Yüce Allah’ın dini şefkat ve merhamet dinidir. Herkes gücü ve kabiliyeti oranında sorumludur.

Allah, bir kimseyi ancak gücünün yettiği şeyle yükümlü kılar. Onun kazandığı iyilik kendi yararına, kötülük de kendi zararınadır. (Şöyle diyerek dua ediniz): “Ey Rabbimiz! Unutur, ya da yanılırsak bizi sorumlu tutma! Ey Rabbimiz! Bize, bizden öncekilere yüklediğin gibi ağır yük yükleme. Ey Rabbimiz! Bize gücümüzün yetmediği şeyleri yükleme! Bizi affet, bizi bağışla, bize acı! Sen bizim Mevlâmızsın. Kâfirler topluluğuna karşı bize yardım et.” (Bakara 2/286)

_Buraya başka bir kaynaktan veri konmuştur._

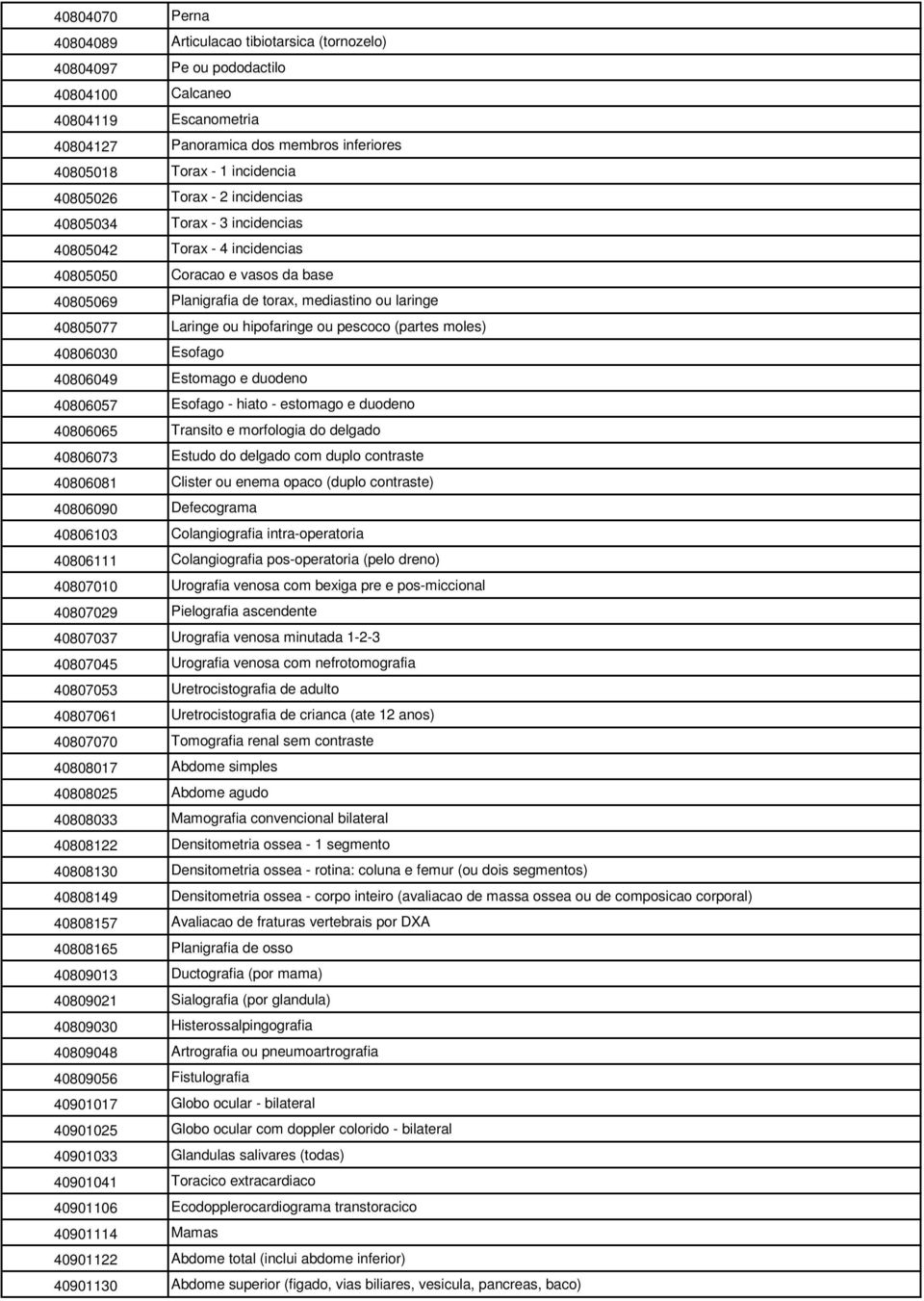 Laringe ou hipofaringe ou pescoco (partes moles) 40806030 Esofago 40806049 Estomago e duodeno 40806057 Esofago - hiato - estomago e duodeno 40806065 Transito e morfologia do delgado 40806073 Estudo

Dinde zorlama yoktur. Din, inanç esaslarını ve buna bağlı olarak yaşanan hayat tarzını ifade eder. Buna göre İslâm, iman ve hayat tarzı olarak hiç kimseye zorla kabul ettirilemez.

Seninle tartışmaya girişirlerse, de ki: “Ben, bana uyanlarla birlikte kendi özümü Allah’a teslim ettim.” Kendilerine kitap verilenlere ve ümmîlere de ki: “Siz de İslâm’ı kabul ettiniz mi?” Eğer İslâm’a girerlerse hidayete ermiş olurlar. Yok, eğer yüz çevirirlerse sana düşen şey ancak tebliğ etmektir. Allah, kullarını hakkıyla görendir. (Al-i İmran 3/20)

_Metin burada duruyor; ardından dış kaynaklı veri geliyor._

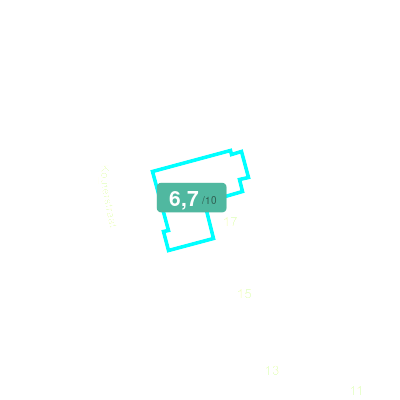Mobiscore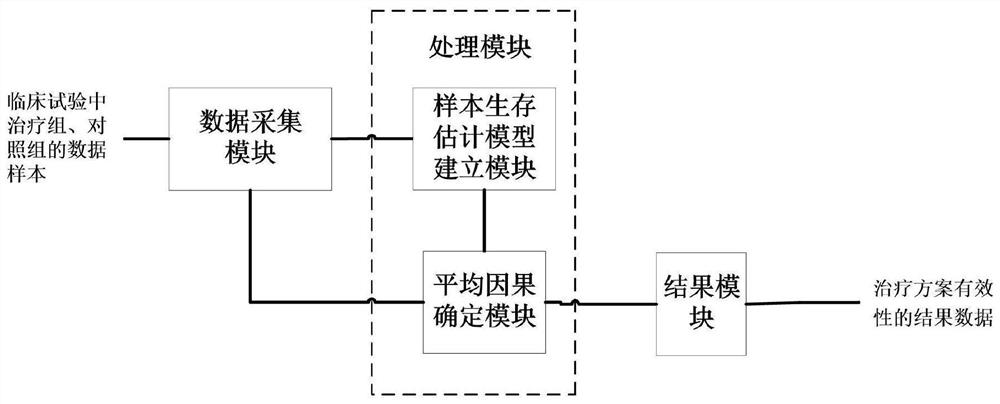 Data processing method and system based on clinical test data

De ki: “Ey Kâfirler! Ben sizin kulluk ettiklerinize kulluk etmem. Siz de benim kulluk ettiğime kulluk edecek değilsiniz. Ben sizin kulluk ettiklerinize kulluk edecek değilim. Siz de benim kulluk ettiğime kulluk edecek değilsiniz. Sizin dininiz size, benim dinim de banadır.” (Kafirun 109/1-6)

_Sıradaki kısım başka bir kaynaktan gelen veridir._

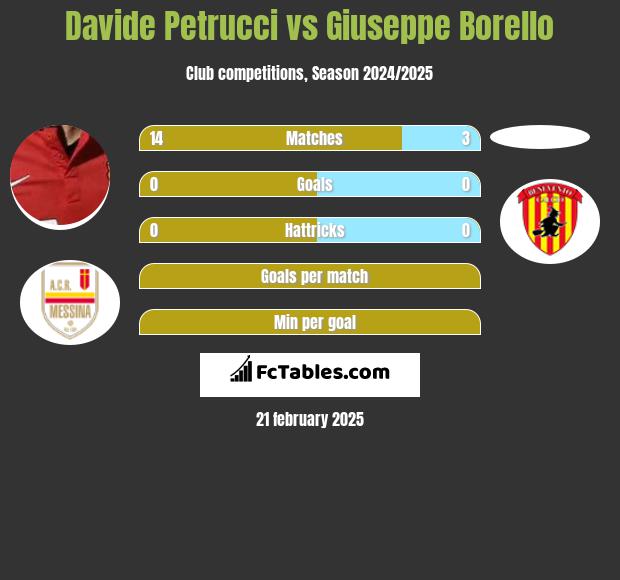 Davide Petrucci vs Giuseppe Borello h2h player stats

Dinimiz fani olan Hz. Peygamberimiz (s.a.v) sünnetinde hayat bulmuş ve örnek kişilik, cesaret, sabır, sebat, akıl ve ahlakıyla cihana yayılmıştır.

Muhammed, ancak bir peygamberdir. Ondan önce de peygamberler gelip geçmiştir. Şimdi o ölür veya öldürülürse gerisingeriye (eski dininize) mi döneceksiniz? Kim gerisingeriye dönerse, Allah’a hiçbir zarar veremez. Allah, şükredenleri mükâfatlandıracaktır. (Al-i İmran 3/144)

İmanı Allah dilediğine, dilediği kadar verir.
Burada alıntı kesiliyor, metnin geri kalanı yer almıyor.